Web page caption snippets
════════

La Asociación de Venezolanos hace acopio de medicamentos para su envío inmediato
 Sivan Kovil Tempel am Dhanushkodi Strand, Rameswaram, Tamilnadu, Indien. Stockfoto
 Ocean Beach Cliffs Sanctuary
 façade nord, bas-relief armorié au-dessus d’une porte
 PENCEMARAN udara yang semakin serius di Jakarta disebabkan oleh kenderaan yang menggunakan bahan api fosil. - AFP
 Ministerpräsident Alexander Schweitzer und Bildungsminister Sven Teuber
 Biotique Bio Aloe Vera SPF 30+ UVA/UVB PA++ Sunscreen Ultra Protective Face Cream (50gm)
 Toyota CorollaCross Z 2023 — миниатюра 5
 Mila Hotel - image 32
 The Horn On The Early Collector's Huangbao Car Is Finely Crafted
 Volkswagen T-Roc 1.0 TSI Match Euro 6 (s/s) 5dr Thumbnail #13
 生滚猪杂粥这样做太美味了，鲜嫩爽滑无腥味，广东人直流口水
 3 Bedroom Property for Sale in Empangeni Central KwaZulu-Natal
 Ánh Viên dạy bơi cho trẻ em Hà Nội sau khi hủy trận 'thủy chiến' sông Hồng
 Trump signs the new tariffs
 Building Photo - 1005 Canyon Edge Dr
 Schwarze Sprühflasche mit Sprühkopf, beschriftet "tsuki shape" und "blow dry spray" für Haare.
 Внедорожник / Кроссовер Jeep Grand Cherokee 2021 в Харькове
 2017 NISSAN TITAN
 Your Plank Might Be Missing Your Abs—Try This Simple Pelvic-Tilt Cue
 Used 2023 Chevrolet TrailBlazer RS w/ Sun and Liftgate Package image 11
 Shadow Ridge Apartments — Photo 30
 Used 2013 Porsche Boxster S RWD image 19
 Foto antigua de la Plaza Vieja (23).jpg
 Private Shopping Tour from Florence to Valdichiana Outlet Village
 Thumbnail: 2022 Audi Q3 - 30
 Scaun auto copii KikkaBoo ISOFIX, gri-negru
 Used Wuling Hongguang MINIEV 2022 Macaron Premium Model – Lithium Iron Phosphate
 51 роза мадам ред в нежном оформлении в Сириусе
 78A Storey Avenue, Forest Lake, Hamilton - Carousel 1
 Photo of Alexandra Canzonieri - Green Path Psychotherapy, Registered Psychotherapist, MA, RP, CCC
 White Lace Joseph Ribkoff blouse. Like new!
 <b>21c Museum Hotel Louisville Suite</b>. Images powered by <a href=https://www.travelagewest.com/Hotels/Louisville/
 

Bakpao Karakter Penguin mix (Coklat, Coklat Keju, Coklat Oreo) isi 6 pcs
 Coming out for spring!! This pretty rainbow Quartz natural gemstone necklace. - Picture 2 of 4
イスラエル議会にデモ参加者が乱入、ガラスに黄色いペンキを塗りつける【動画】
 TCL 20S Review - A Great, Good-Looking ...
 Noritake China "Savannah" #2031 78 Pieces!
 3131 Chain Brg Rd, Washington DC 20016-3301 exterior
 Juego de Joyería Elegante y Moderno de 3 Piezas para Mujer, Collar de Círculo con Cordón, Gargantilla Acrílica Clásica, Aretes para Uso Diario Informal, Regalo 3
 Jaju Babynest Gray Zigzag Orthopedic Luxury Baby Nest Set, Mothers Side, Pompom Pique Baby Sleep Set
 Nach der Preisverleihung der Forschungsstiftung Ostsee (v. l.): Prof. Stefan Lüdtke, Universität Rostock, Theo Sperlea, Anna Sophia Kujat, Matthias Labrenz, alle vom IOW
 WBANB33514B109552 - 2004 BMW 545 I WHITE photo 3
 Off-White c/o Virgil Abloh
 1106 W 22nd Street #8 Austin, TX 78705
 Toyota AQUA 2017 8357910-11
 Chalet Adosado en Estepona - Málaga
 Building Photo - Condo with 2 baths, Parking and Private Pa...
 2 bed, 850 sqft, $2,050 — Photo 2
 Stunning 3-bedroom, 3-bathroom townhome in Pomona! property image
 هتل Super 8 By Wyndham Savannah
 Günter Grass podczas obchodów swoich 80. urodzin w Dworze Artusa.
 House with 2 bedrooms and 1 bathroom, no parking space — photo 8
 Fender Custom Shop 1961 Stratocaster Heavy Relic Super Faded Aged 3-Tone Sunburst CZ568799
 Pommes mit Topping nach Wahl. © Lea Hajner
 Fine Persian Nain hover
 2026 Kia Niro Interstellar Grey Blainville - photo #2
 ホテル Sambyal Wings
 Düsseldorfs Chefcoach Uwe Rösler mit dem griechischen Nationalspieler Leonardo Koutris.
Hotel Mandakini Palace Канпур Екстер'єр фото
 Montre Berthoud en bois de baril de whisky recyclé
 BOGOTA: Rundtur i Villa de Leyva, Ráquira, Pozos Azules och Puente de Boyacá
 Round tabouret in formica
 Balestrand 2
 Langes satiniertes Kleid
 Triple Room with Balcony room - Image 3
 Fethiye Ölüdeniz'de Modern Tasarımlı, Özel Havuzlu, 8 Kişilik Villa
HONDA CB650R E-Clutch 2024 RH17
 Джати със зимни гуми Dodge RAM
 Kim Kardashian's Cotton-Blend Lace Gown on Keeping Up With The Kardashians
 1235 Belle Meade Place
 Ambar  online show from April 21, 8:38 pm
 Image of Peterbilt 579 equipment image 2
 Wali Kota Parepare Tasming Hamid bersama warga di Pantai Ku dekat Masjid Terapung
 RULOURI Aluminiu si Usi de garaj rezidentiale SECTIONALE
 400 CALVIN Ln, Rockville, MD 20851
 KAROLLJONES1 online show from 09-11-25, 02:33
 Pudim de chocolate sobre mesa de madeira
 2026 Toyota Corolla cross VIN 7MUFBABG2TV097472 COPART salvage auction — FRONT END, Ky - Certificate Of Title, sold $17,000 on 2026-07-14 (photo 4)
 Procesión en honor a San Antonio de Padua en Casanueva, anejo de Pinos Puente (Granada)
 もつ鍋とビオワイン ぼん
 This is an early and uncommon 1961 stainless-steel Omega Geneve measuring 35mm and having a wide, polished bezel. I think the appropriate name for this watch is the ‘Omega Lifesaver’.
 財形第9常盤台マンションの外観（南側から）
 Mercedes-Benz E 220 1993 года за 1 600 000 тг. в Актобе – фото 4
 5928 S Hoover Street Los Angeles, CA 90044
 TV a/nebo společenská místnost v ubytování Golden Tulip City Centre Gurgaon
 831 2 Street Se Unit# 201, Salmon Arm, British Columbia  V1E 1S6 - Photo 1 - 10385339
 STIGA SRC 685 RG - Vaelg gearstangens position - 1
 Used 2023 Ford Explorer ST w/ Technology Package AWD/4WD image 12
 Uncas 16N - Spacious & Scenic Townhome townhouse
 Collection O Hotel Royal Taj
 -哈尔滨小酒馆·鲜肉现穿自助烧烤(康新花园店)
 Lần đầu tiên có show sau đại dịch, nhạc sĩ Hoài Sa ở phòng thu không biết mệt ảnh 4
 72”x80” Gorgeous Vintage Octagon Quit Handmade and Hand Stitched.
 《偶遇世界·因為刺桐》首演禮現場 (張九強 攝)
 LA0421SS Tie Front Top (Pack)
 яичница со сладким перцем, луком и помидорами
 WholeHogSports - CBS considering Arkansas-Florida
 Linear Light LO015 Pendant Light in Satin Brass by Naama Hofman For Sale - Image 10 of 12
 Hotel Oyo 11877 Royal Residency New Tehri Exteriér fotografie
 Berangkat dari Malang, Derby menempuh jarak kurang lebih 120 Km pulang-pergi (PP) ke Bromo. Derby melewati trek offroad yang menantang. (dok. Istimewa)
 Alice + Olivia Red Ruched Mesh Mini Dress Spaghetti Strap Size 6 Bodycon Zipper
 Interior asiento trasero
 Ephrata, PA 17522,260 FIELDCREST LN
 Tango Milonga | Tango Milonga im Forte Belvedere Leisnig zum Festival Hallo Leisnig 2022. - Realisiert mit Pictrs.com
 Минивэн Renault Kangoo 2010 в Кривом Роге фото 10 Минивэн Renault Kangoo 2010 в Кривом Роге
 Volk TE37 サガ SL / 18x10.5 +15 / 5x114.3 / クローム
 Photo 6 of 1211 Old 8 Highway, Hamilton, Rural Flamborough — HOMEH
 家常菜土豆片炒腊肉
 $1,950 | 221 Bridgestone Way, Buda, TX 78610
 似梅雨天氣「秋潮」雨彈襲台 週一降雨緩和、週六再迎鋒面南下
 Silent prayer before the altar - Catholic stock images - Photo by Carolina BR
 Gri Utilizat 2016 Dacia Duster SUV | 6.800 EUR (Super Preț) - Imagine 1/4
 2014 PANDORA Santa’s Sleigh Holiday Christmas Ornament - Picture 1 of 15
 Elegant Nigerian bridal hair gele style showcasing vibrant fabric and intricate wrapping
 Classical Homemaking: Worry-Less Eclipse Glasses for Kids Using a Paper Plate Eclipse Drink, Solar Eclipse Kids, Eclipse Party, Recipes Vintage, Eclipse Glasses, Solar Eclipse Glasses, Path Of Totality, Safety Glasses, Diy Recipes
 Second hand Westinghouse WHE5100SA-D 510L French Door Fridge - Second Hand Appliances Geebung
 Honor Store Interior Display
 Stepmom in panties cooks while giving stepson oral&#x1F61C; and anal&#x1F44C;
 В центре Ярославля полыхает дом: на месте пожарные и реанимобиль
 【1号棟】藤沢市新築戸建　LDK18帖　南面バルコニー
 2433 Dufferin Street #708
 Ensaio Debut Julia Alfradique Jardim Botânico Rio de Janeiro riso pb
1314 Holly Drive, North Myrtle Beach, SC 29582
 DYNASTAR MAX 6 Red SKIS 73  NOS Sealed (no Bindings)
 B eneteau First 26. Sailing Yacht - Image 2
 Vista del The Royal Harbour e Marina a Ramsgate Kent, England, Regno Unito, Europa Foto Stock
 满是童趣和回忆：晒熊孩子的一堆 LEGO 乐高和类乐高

════════

From the records above, print only the lines between the one holding "façade nord, bas-relief" and the one holding "3 Bedroom Property", inclusive, exactly as they stand.

 façade nord, bas-relief armorié au-dessus d’une porte
 PENCEMARAN udara yang semakin serius di Jakarta disebabkan oleh kenderaan yang menggunakan bahan api fosil. - AFP
 Ministerpräsident Alexander Schweitzer und Bildungsminister Sven Teuber
 Biotique Bio Aloe Vera SPF 30+ UVA/UVB PA++ Sunscreen Ultra Protective Face Cream (50gm)
 Toyota CorollaCross Z 2023 — миниатюра 5
 Mila Hotel - image 32
 The Horn On The Early Collector's Huangbao Car Is Finely Crafted
 Volkswagen T-Roc 1.0 TSI Match Euro 6 (s/s) 5dr Thumbnail #13
 生滚猪杂粥这样做太美味了，鲜嫩爽滑无腥味，广东人直流口水
 3 Bedroom Property for Sale in Empangeni Central KwaZulu-Natal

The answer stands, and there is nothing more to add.